──────── Available data ────────

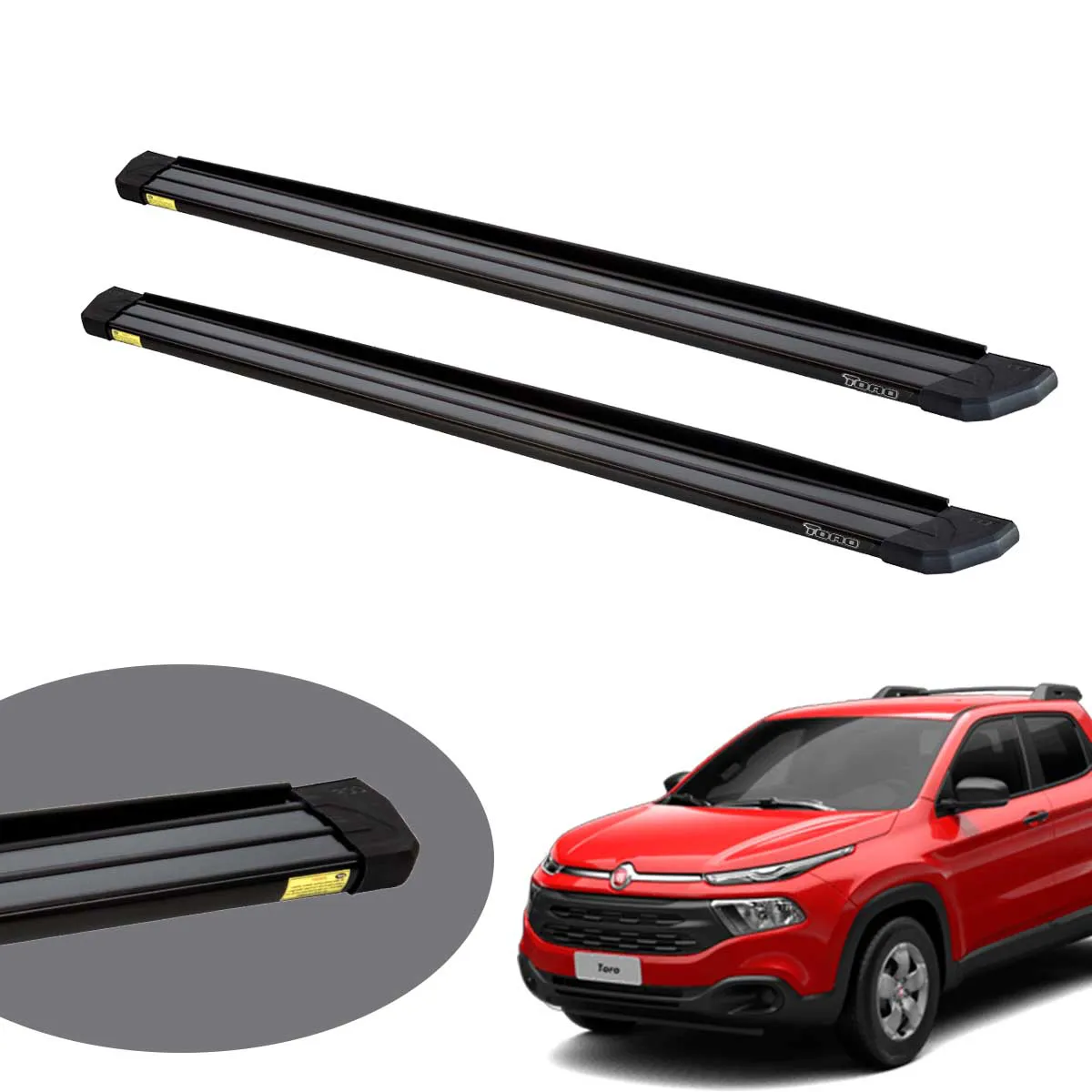 Estribo CCF Slim Alumínio preto Fiat Toro 2017 a 2026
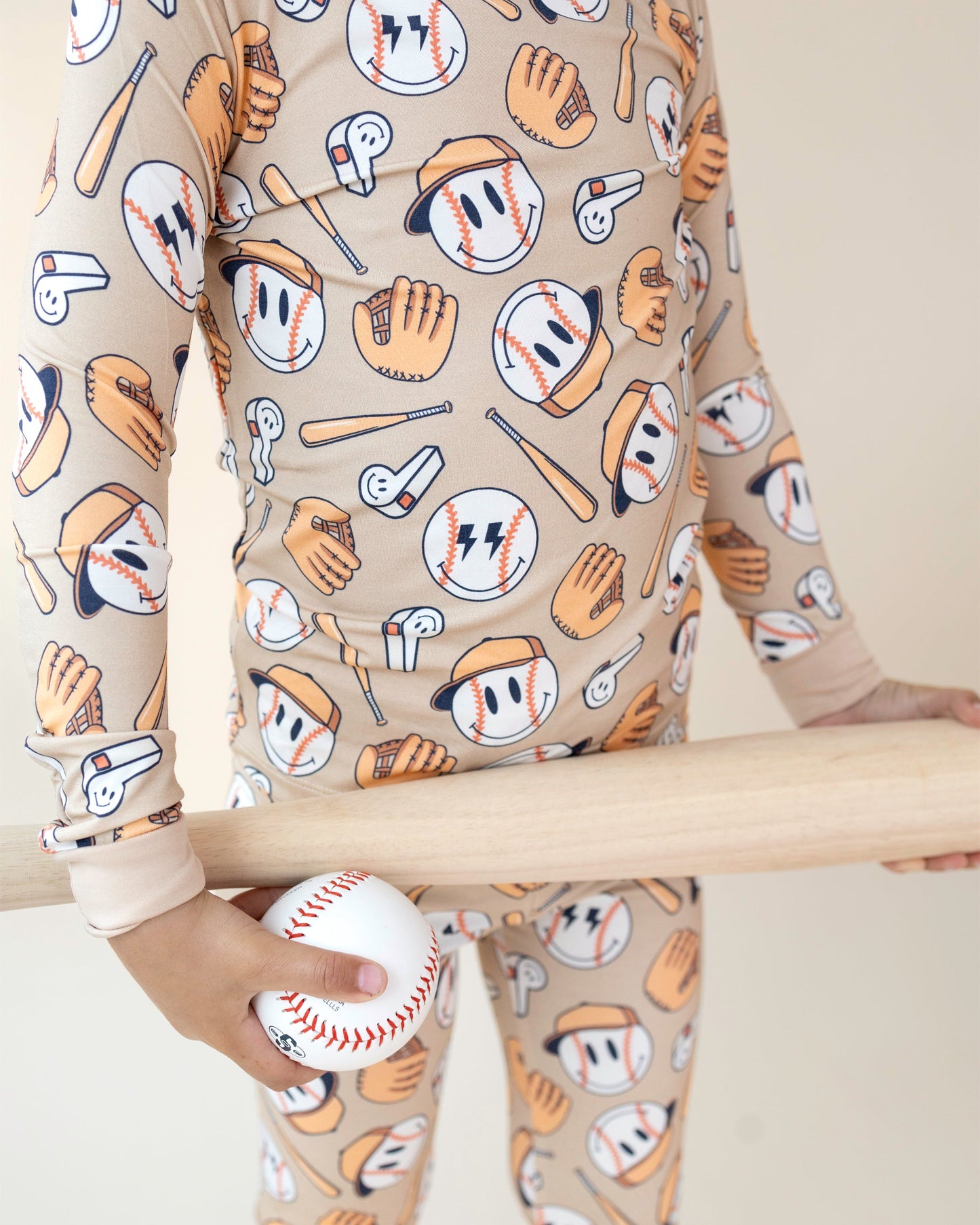 baseball bamboo pajamas // LONG-SLEEVE TWO-PIECE SET (sizing up to 8/9)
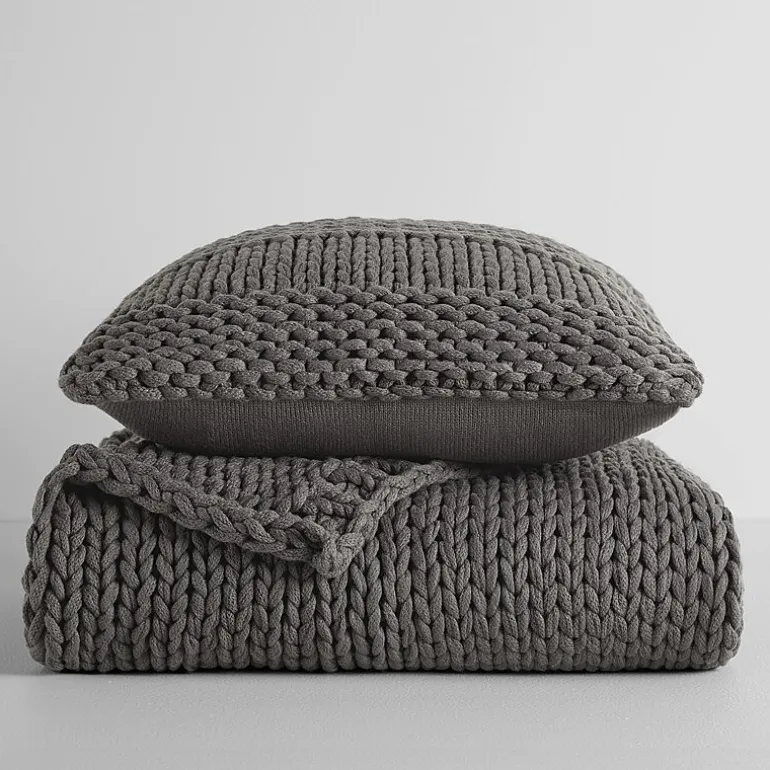 Casual Comfort Chunky Knit Blanket and Pillow Set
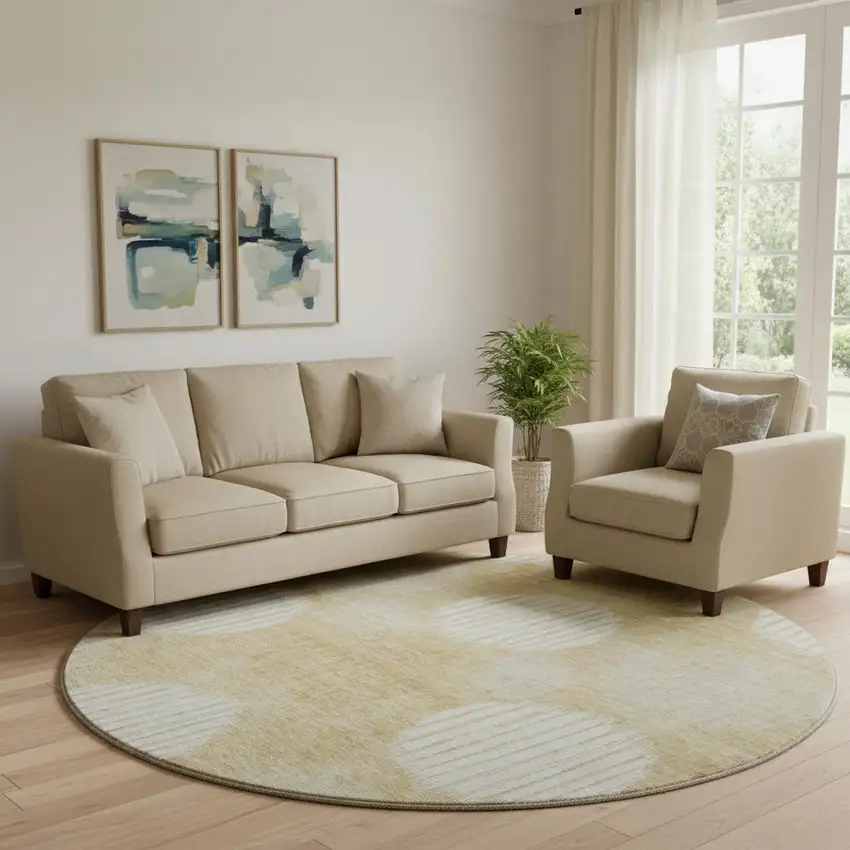 8' Gold And Ivory Geometric Washable Round Rug With UV Protection Photo 1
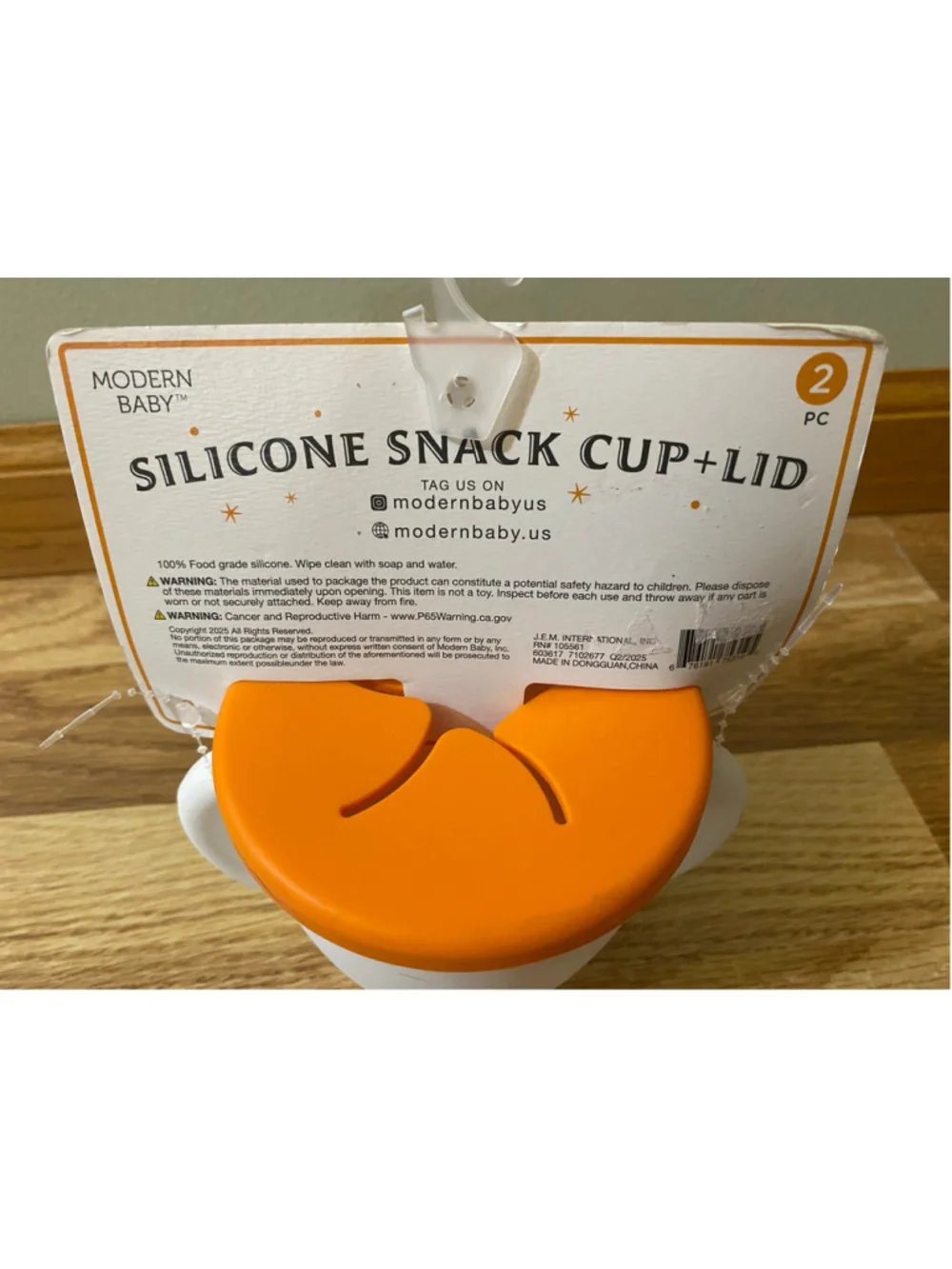 Modern Baby Unisex Snack Cup Set One Size White Orange Black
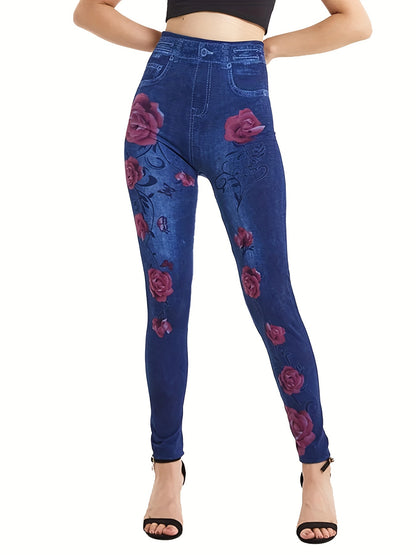 dunnmall  Denim Print High Waist Jeggings, Slim Stretchy Casual Leggings, Women's Clothing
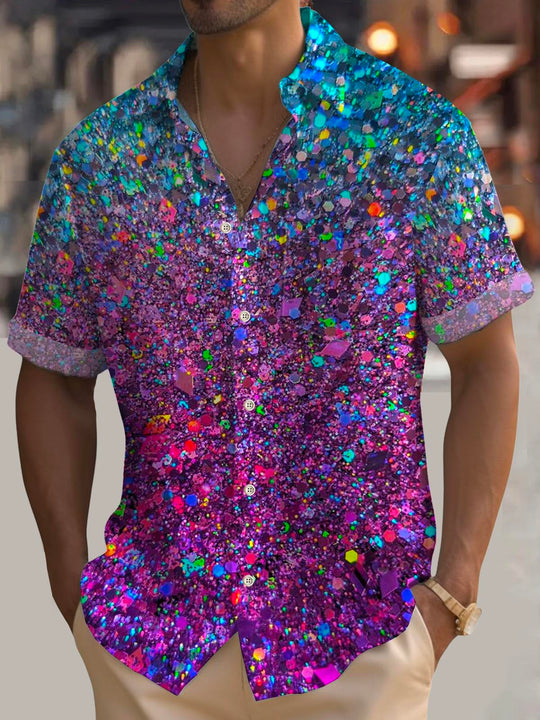 Men's casual retro Hawaiian short sleeve shirt with pocket front view for Mardi Gras festival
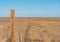 View of the Dingo Fence in Coober Pedy, South Australia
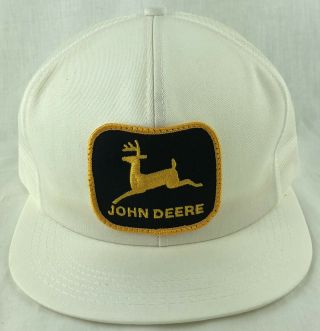 Vintage John Deere Patch Snapback Trucker Mesh Hat Cap K Products Usa White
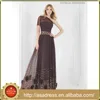 AED08 One Shoulder Brown Special Occasion Gowns 2015 New Fashion A-Line Long Tulle Luxury Crystal Evening Dress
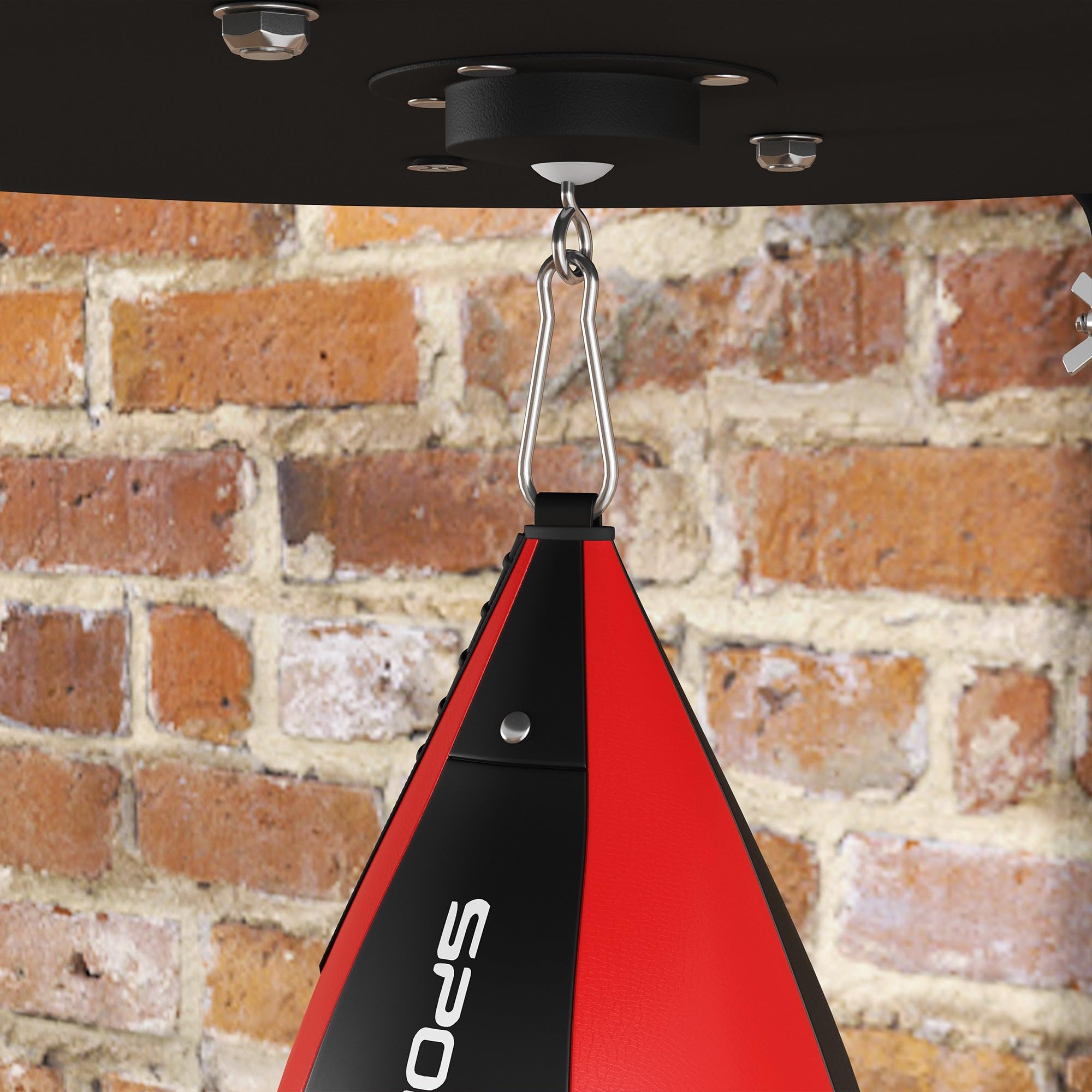SPORTNOW Plateforme Murale avec Poire de Vitesse, Sac de Frappe, pour entraînement de Boxe, pivotant à 360° Hauteur Ajustable, Noir et Rouge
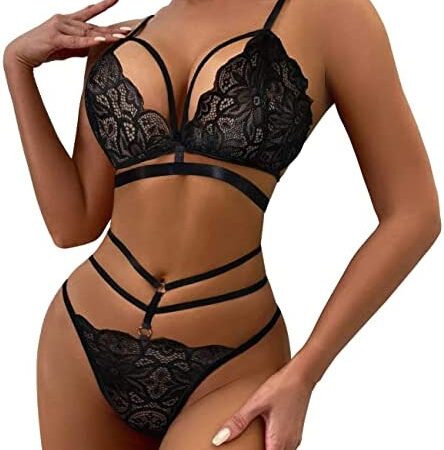 QKEPCY 2 Piece Women's Lingerie Set Women Sexy Lingerie See Through Sheer Lace Bra and Panties Set Flirty Lingerie Panty Suspender for Women Bralette Strappy Underwear Outfits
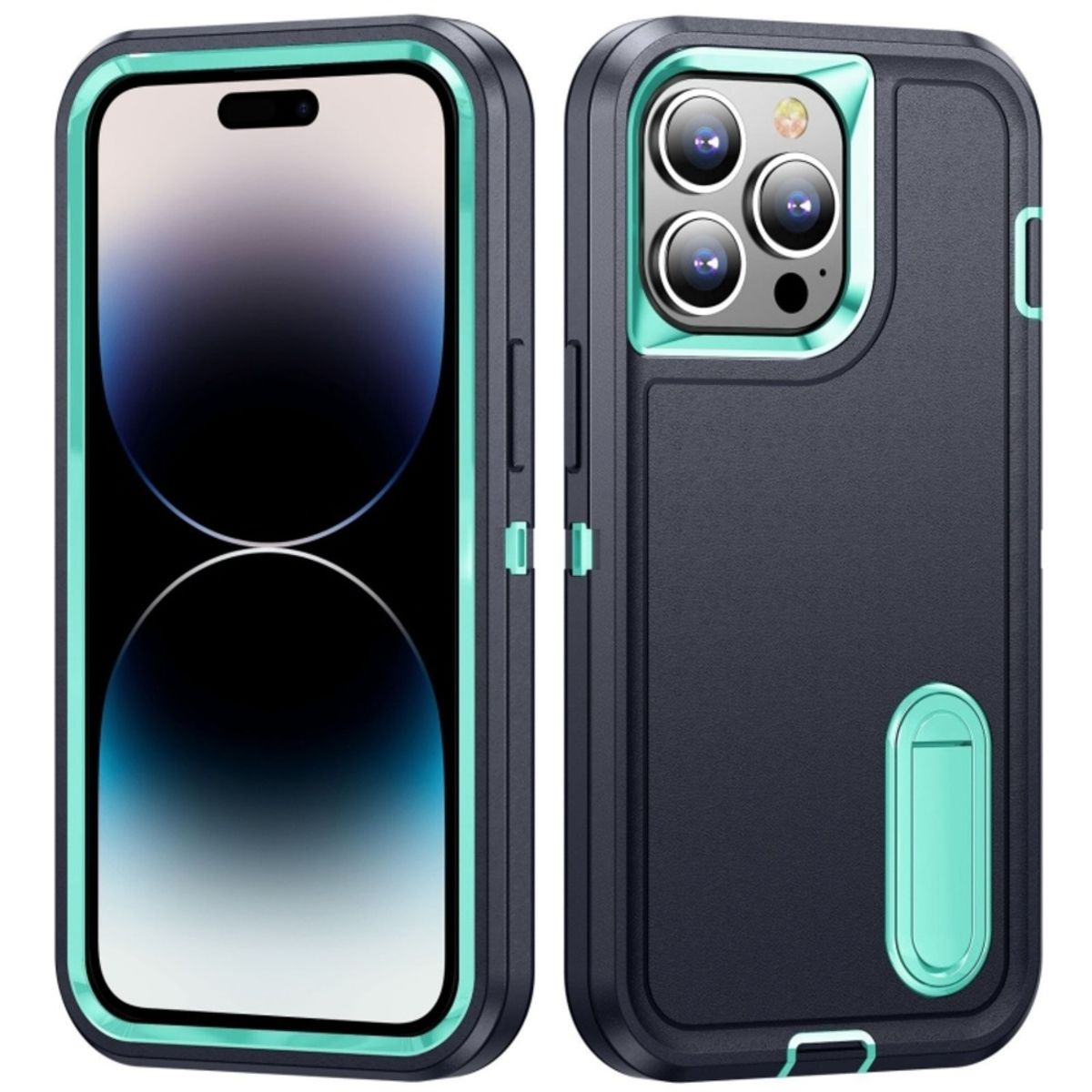 GENERICO - Funda para iPhone 16 Pro Adventure Extreme Negro-Celeste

────────

Exercise requirements >>
Reproduce the lines above beginning at the line that contains "Leggings, Women's Clothing" and ending at the line that contains "AED08 One Shoulder". No pictures.

Response box >>
 dunnmall  Denim Print High Waist Jeggings, Slim Stretchy Casual Leggings, Women's Clothing
 Men's casual retro Hawaiian short sleeve shirt with pocket front view for Mardi Gras festival
 View of the Dingo Fence in Coober Pedy, South Australia
 Vintage John Deere Patch Snapback Trucker Mesh Hat Cap K Products Usa White
 AED08 One Shoulder Brown Special Occasion Gowns 2015 New Fashion A-Line Long Tulle Luxury Crystal Evening Dress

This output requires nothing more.